The star, labelled HD142527, lives in the constellation of Lupus, the Wolf. The research team, led by astronomers at Osaka University and Ibaraki University, used ALMA to observe the ring of cosmic dust -- the building blocks of planets -- swarming around the star. After measuring the densest part of the dust ring the researchers concluded it was highly possible that planets are now being formed.
Of particular interest to students of planet formation was the location of the planet forming region which is much further away from the star than previously discovered protoplanetary disks. Though exoplanets have been found orbiting their stars at greater distances than Neptune, the planet formation process is yet to be fully understood.
Planet formation takes place when dust particles in a disk collide and coalesce together to form protoplanets, which are the cores of planets. Some continue to clump together with more dust to form rocky worlds, whilst other protoplanets capture gas particles to form gas giants. Prior to the teams's findings around HD142527 it was generally assumed that such planet formations occurred much closer to their parent star.
The submillimeter emission from the dust ring showed a non-uniform distribution, with part of the ring much denser than the rest. Misato Fukagawa, leader of the team and an assistant professor at Osaka University, said: "The brightest part in submillimeter wave is located far from the central star, and the distance is comparable to five times the distance between the Sun and the Neptune. I have never seen such a bright knot in such a distant position. This strong submillimeter emission can be interpreted as an indication that large amount of material is accumulated in this position. When a sufficient amount of material is accumulated, planets or comets can be formed here. To investigate this possibility, we measured the amount of material."
Dust and gas disk around HD142527. The dust and gas distributions observed by ALMA are shown in red and green, respectively. Near-infrared image taken by the NAOJ Subaru Telescope is shown in blue. The circle in the image shows the position of the dust concentration, in which planets are thought to be formed. Credit: ALMA (ESO/NAOJ/NRAO), NAOJ, Fukagawa et al.
The team's research led them to consider that it was highly possible planets are being formed in the dense part of the disk.
"Seeing the site of planet formation directly is one of the most important goals for ALMA" explained Munetake Momose, a team member and a professor at Ibaraki University. "Our observations successfully located a unique candidate in an unexpectedly distant place from the central star. I believe that ALMA will bring us more surprising results."

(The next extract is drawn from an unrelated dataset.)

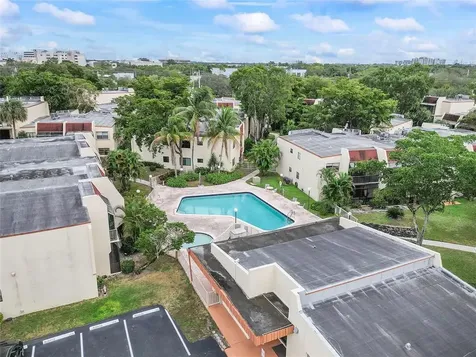 301 N Pine Island Road Plantation FL 33324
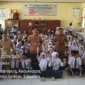 Anggota DPRD Pessel dari Fraksi PAN, Roni Richardo berfoto bersama dengan siswa dan guru di salah satu sekolah yang dikunjunginya. (Foto: Dok. Roni)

The researchers are planning further observations with ALMA to measure the amount of gas in the disc in order to determine whether the planets forming are rocky worlds or gas giants. If the dense region has the same amount of gas as is typically found in the Universe (a mass ratio of dust to gas being 1 to 100) then there would be enough gas to form giant gaseous planets several times more massive than Jupiter. If, however, the dense region is a dust trap, an area in the disc of dust where the dust concentration is exceptionally higher than in other parts of the disk, then another possibility would be the formation of rocky worlds like Earth and Mars.
Misato Fukagawa concluded: "Our final goal is to reveal the major physical process which controls the formation of planets. To achieve this goal, it is important to obtain a comprehensive view of the planet formation through observations of many protoplanetary disks."
ALMA is a powerful telescope array located 5,000 meters above sea level on the remote Chajnantor Plateau in the Atacama desert in Chile. The observatory is operated by the European Southern Observatory and other international partners including the US National Science Foundation (NSF), the National Research Council of Canada (NRC) and the National Institute of Natural Sciences (NINS) in Japan.